DATA Block Start

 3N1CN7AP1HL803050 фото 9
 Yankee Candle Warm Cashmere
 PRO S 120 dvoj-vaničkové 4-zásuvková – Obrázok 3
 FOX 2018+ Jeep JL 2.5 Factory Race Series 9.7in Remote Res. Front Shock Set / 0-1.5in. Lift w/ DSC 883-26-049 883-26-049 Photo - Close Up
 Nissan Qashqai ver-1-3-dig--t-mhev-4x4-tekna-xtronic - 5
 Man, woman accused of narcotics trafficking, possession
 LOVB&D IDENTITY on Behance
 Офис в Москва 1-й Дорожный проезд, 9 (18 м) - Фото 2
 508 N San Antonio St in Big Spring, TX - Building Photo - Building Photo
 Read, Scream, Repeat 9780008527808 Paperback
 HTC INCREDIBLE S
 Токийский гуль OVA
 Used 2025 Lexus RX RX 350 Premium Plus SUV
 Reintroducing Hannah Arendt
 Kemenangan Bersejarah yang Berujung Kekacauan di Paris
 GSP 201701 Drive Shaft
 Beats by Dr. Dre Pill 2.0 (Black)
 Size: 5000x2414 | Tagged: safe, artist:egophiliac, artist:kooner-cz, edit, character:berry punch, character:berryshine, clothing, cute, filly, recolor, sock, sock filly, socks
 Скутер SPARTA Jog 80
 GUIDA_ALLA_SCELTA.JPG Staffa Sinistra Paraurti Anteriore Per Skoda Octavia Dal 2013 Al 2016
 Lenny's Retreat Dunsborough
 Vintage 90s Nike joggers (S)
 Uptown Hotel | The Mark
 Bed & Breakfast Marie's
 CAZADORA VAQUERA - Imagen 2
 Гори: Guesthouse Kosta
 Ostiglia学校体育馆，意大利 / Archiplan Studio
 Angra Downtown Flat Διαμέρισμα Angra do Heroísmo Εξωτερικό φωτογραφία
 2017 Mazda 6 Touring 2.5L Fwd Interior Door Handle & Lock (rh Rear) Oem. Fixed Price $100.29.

DATA Block End

**DESCRIPTION OF THE TASK**:
Report how many lines of the data above include "Photo", giving the number and no other words.

**COMPLETED EXERCISE**:
2